The next one was taken with a much slower shutter speed and feels like an entirely different picture.
What you need to do
In order to cut down on the incoming light and also make sure you are getting the best images you will need to do the following:
- Shoot in Manual Mode so you can force your camera to do what you want, not what it thinks you want. Using Auto or semi-auto modes (P, Av, Tv, A, or S) will usually not work for these types of shots.
- Shoot in RAW so you can tweak your image afterward. It’s difficult to get smooth-water photos just right straight out of the camera and it’s nice to be able to tweak things to your liking.
- Use a small aperture. Not necessarily the smallest aperture your lens allows, because this can sometimes cause image quality to deteriorate due to light diffraction, but a value of around f/11 or f/16 should be fine.
- Use the lowest native ISO value for your camera. This will let you use slower shutter speeds while also giving you the cleanest, sharpest image possible.
- Use the slowest shutter speed possible without overexposing the image too much. If you’re using RAW you can probably overexpose by one stop and recover things in post-production. But much more than that and you’re going to blow out all your highlights.
- Put your camera on a tripod to minimize any shake or wobble from your hands. My favorite is the Joby Gorillapod since it lets me position my camera using just about any available surface, and allows me to get nice and close to the water as well.
Neutral Density Filters
Even with all this, it’s difficult to get a slow enough shutter speed to really create some good smoothing effects, and the solution is to use a Neutral Density filter. This is an inexpensive attachment that screws on to the front of your lens and cuts down the incoming light.
I like to think of it as putting sunglasses on your camera. This is the secret to getting the type of silky smooth water effects you have always admired but never knew how to create on your own.
There are many different kinds of ND filters that block varying levels of light, but my recommendation for smooth-water images is one that blocks 3 or 6 stops of light. Others are available but they block so much light that it’s difficult to get your exposure settings right.
You can find ND filters at any camera retailer but the key is to get one that fits your lens.
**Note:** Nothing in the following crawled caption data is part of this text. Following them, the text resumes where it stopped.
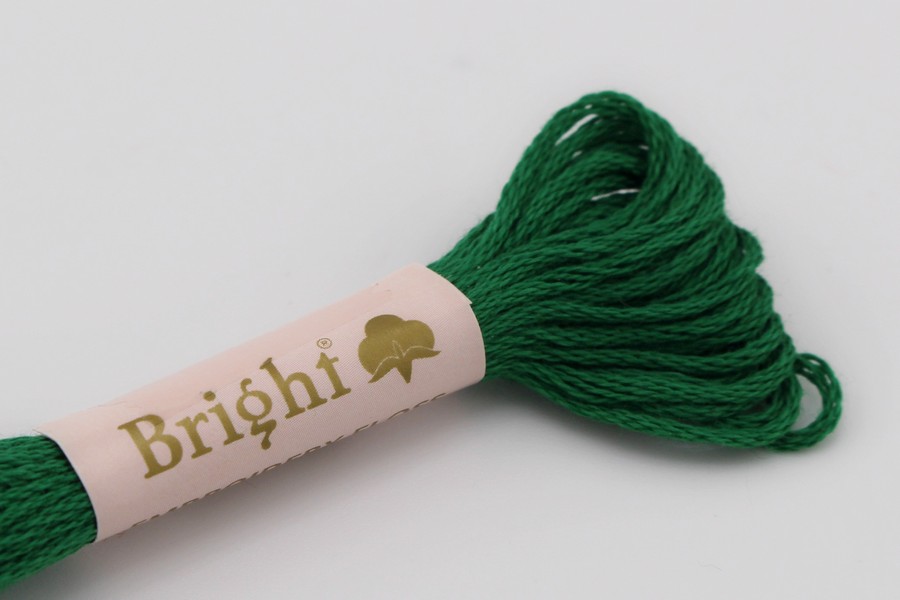 Муліне Bright бавовна зелений яскравий 4111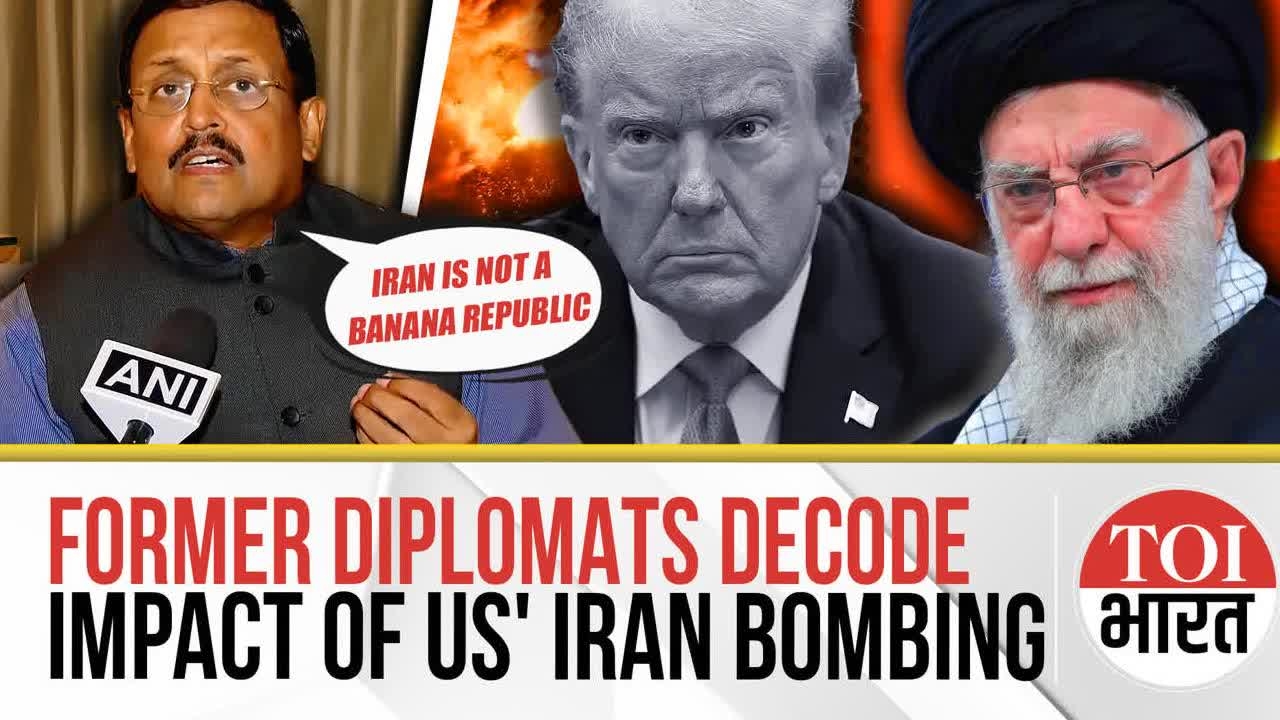 As U.S. Bombs N-Sites In Iran, Ex-Envoys Decode Escalating Conflict's Impact On India And World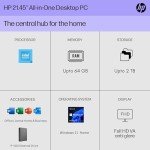 HP 22" All-in-One PC with 40GB RAM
Look on your lens cap to find the thread size. It will usually be the Greek letter phi followed by a number, such as 53mm or 58mm.
ND filters often come in packs of two or three. While these cheaper ones aren’t going to produce the absolutely highest-quality results they are a fantastic and inexpensive way to get started.
Getting the Shot
I enjoy creating silky smooth water images on cloudy days since it means even more light is blocked – almost like nature’s own ND filter. Morning and evening are good times to shoot as well. But any time of day will work as long as you can get slow shutter speeds using a small aperture, low ISO, and an ND filter.
Use Live View
I like to use Live View when preparing my shot since I can adjust the exposure parameters and see the image lighten or darken in real-time. But if you are using an optical viewfinder just pay attention to your light meter and you should be fine.
When your camera is ready and you have your shot composed, use your camera’s self-timer so you don’t add any shakiness to the image with your fingers when you press the shutter.
This method can also be used for adding a layer of gloss to moving waters, which is a fun way to add a bit of a creative element to pictures taken at the beach. The difference is that instead of trying to get pictures that show the motion of water, you are trying to make the water as smooth as possible.
Limiting the amount of incoming light by using the techniques above (small aperture, low ISO, and ND filters) I was able to virtually eliminate the appearance of imperfections on the surface of the water.
Creating these types of images can be addicting! Once you get the hang of it, you may want to spend all day seeing what you can create with your camera. It doesn’t take much, but it opens up a whole new photography frontier that can be extraordinarily enjoyable and highly rewarding.